This document describes the integration process of the ThreatSTOP IP Defense with Netfilter's iptables & ipset running on Microsoft Azure.

Overview

This document will guide you through the installation of ThreatSTOP’s IP Defense iptables linux integration on an Azure provisioned Ubuntu virtual machine.

  • Step 1. Create and login to ThreatSTOP account to copy License / API Key
  • Step 2. Return to Azure and create new “ThreatSTOP IP Firewall” device from the marketplace offerings
  • Fill out Azure VM provisioning form providing machine type, storage, network, license, etc. Wait for device to provision
  • Step 3. Secure SSH & log in to deployed Azure ThreatSTOP IP Firewall to test functionality
  • Step 4. Log into ThreatSTOP Admin portal to update policy, device settings & repeat testing

Step 1. ThreatSTOP Account Setup

The first thing you will need is a ThreatSTOP account, (sign-up here).

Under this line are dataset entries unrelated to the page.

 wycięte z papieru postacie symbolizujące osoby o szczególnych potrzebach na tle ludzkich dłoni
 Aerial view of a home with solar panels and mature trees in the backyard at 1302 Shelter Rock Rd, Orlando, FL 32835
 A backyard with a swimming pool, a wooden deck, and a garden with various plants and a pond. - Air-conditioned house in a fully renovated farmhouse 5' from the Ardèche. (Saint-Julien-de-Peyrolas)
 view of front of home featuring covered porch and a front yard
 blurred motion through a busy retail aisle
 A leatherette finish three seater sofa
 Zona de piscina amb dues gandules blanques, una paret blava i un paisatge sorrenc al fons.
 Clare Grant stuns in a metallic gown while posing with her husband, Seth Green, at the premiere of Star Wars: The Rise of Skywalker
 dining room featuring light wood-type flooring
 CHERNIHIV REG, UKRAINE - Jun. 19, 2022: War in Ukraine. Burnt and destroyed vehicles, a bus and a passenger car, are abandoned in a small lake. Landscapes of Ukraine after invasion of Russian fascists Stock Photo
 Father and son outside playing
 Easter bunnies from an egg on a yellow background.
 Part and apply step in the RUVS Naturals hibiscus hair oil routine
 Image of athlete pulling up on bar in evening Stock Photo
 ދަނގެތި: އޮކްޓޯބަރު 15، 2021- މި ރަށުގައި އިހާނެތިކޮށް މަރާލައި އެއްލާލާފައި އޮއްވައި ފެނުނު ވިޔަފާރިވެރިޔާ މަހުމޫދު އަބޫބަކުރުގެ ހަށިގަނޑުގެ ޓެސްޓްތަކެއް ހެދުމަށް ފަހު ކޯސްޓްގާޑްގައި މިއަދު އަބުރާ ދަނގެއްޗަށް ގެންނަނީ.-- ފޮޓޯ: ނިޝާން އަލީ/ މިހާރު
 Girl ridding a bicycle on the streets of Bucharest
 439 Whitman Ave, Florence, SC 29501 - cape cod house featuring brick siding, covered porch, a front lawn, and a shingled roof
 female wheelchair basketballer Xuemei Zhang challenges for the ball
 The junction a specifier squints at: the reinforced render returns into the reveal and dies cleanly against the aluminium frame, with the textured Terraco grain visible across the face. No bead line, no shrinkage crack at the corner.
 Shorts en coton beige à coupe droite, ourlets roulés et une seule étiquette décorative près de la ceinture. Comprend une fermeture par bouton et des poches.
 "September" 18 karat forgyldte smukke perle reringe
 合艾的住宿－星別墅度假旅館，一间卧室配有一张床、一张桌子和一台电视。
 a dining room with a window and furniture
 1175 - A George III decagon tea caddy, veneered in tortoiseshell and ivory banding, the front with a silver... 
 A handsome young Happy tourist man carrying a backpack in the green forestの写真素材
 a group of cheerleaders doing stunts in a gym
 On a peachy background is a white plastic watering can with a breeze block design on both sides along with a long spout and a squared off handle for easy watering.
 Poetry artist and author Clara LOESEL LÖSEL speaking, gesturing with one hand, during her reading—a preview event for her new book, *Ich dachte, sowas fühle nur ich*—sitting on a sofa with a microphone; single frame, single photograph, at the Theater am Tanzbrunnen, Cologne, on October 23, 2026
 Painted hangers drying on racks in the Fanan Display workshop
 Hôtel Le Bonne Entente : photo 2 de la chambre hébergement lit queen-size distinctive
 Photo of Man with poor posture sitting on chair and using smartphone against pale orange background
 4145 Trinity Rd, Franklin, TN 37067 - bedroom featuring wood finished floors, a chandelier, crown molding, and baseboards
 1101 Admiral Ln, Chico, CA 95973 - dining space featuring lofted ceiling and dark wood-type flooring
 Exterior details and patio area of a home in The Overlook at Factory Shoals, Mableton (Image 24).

After submitting your information and verifying your account via email you’ll be able to login and retreive your License aka API Key.

Click “Copy” button to add it to your clipboard, you will need it during the Azure side of the account creation process.

Step 2. Azure Portal Setup

There are five blades (pages of the form) of information required prior to provisioning the new virtual machine.

Virtual machine selection

  • Login to your Azure portal at https://portal.azure.com.
  • Click “Create a resource” on the upper left column.
  • Search for ThreatSTOP.
  • Click on ThreatSTOP IP Firewall in the search results.

  • Click Create. You will be led to a form to create your new IP Firewall.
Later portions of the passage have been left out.